Water sustainability is essential to large corporations. Large national and international companies rely on a consistent water supply to process their products. If the Honduran government cannot ensure a constant water supply or if it raises water usage prices for the banana company, the company may decide to move, leaving Mario without a job.

Impact of Business Demand on Water Sustainability

Clean water is becoming increasingly valuable and hard to come by as businesses demand more and more of it. The growing scarcity of water raises difficult questions for developing countries: Water sustainability is essential for economic development, so who should have priority access, and what limits should exist? Should the government support Mandisa’s one-woman ice business by offering a cheap water hook-up and subsidized water rates? Should the government demonstrate preference for the multinational banana company, which provides jobs for hundreds? Who will pay the real cost for water services?
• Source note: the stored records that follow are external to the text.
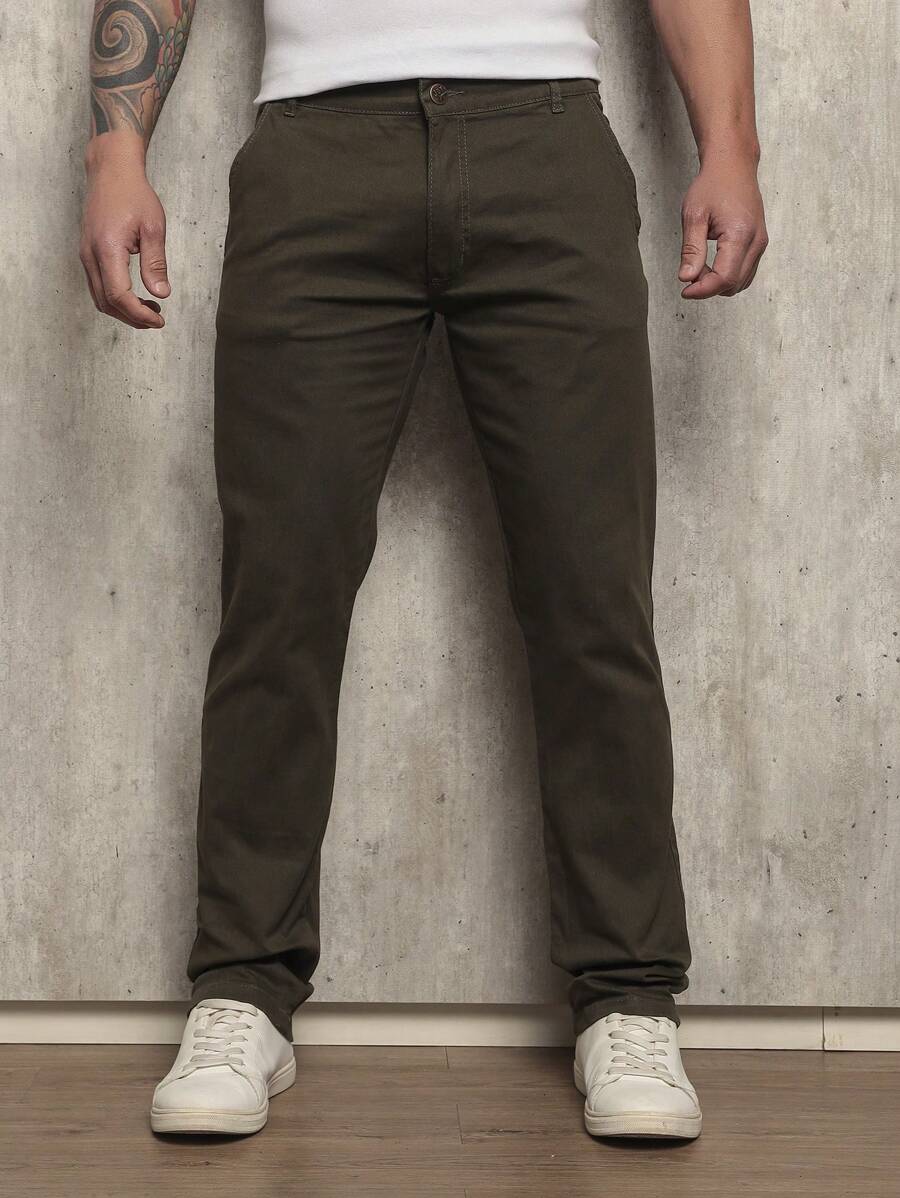 Men's Dark Green Ripped Jeans Skinny Quality With Pocket - xanh quân đội - Xem 1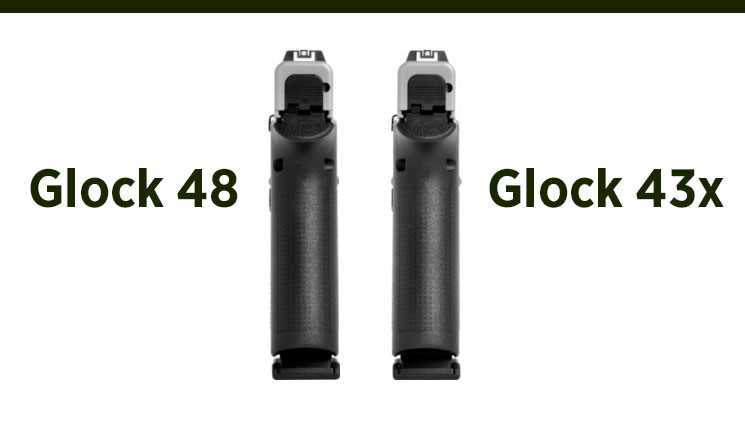 Glock 48 vs 43x slimline width pistols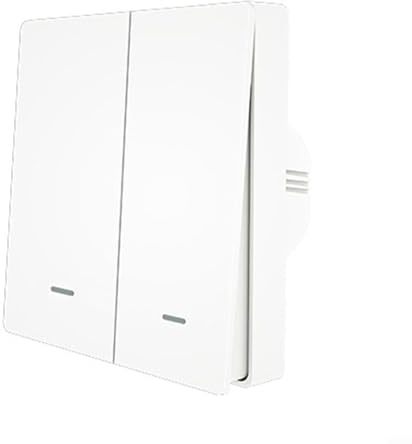 Interrupteur mural sans fil alimenté par piles pour Tuya pour ZigBee 3.0 Smart Life pour éclairage domestique, contrôle de la scène (2 gang)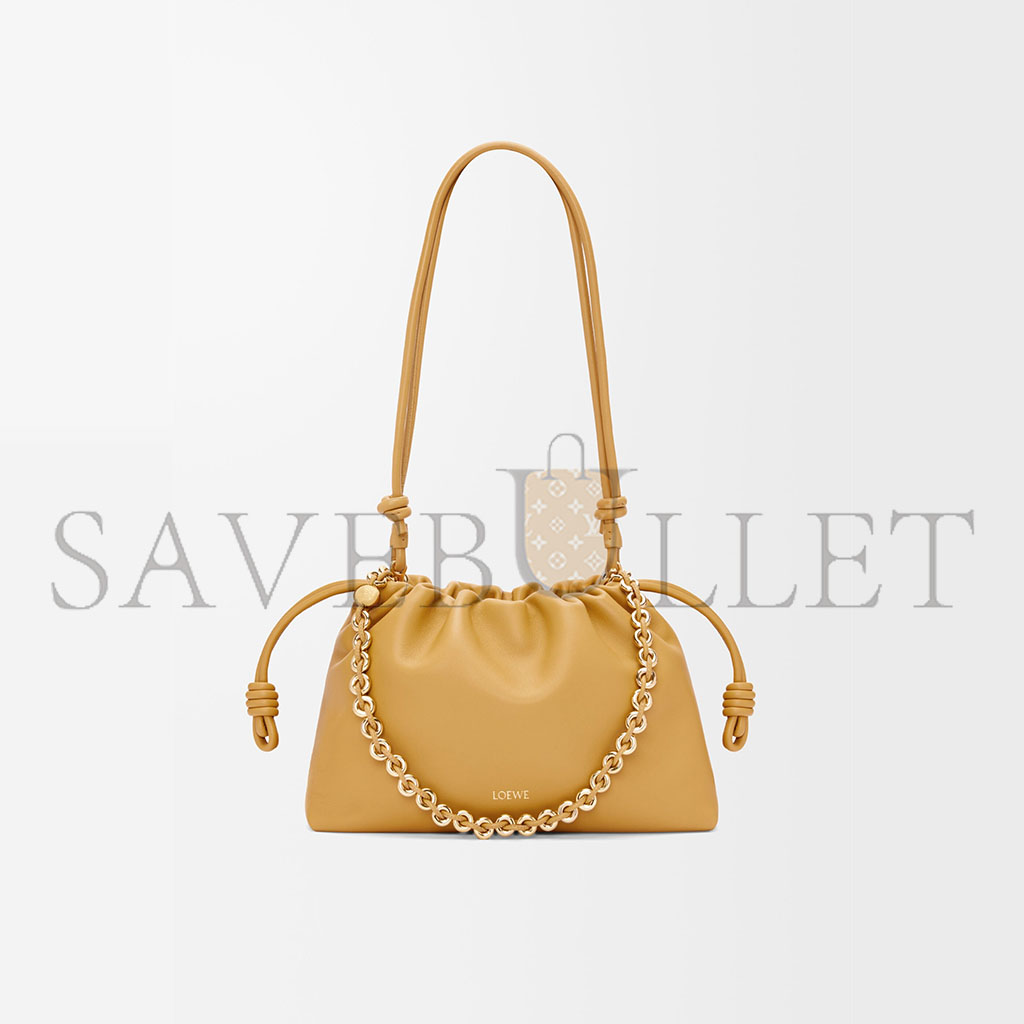 LOEWE MEDIUM FLAMENCO PURSE IN MELLOW NAPPA LAMBSKIN 0011036787 (30*20*10.5cm)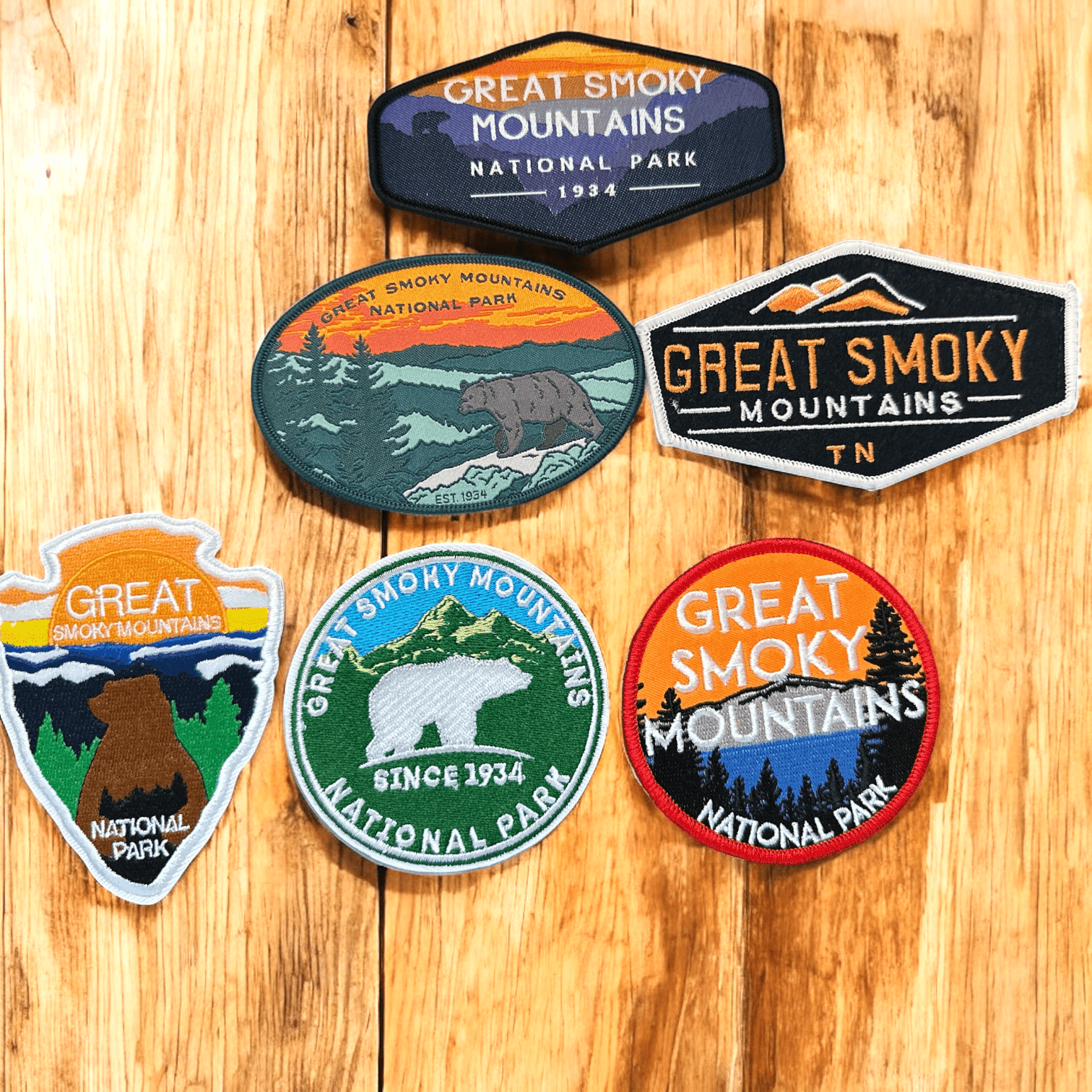 Great Smoky Mountains Woven Iron On Patch - Wander Together Outfitters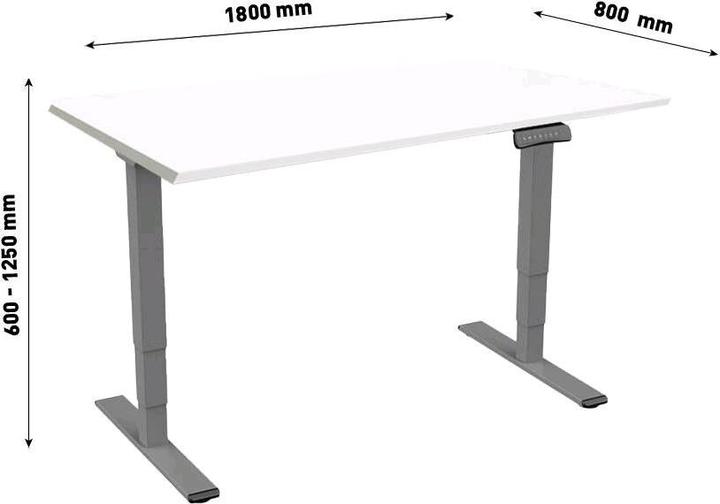 Produktbild Contini Höhenverstellbarer Bürotisch (11 x 88 x 188 cm)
Businesses affect the water supply. Mandisa’s refrigerator breaks, but she lacks the means to repair it or remove the equipment from her property, which is adjacent to a stream. She discards the broken refrigerator in her back yard, where it begins to decompose.

Deepa washes clothes with a phosphate-based detergent. The detergent washes downstream, where another village obtains its drinking water. Umar’s restaurant is one of many local businesses that use a lot of water. In the middle of the day the town’s water supply often runs dry, leaving residents without drinking water.

Mario uses almost fifteen kilos of water to wash one kilo of bananas. He notices that the runoff is deposited into a nearby river that feeds into the ocean. He wonders how this pesticide-and-fertilizer-laden water affects the fishing industry in his coastal hometown.

Many business endeavors potentially harm the water supply. Who should regulate them, and how? At what point should a business be held responsible for polluting? Should Deepa and the dozens of other women washing clothes in the river be charged, or should only the multinational banana company be held accountable?

Business Can Influence the Availability of Safe Water

Business must be on board if countries are to have safe water. According to the World Business Council for Sustainable Development, global water use can be divided into three major areas: about 70 percent is put to agricultural use; 20 percent is used by industries; and 10 percent is consumed by households. [4] Therefore, 90 percent of water use (not taking into account subsistence farming) could be classified as being used for business purposes.

How businesses use water is the single most important factor in influencing the availability and condition of the world’s freshwater resources.

If the world’s population is to have access to safe water, business at all levels—from home enterprises to multinational corporations—must be on board in making it a priority.


Access to clean water is crucial to maintaining healthy economies, and increasing the supply of clean water can be a viable avenue in which to grow economies around the world. Keeping clean water supplies safe from pollution and harmful runoff continues to be a challenge. Lifewater’s WASH programs build on people’s understanding of the connection between water and business and provide new tools to avoid polluting the community’s water source and find safe water when existing sources are unreliable or contaminated.

 

[1] Stockholm International Water Institute. Making Water a Part of Economic Development: The Benefits of Improved Water Management Services, 2005, 16-19.

[2] United Nations Development Program, Beyond Scarcity: Power, Poverty and the Global Water Crisis, Human Development Report (2006), 6.

[3] United Nations Development Program, Beyond Scarcity: Power, Poverty and the Global Water Crisis, Human Development Report (2006), 6.

[4] World Business Council for Sustainable Development, Collaborative actions for sustainable water management (August 2005): 1.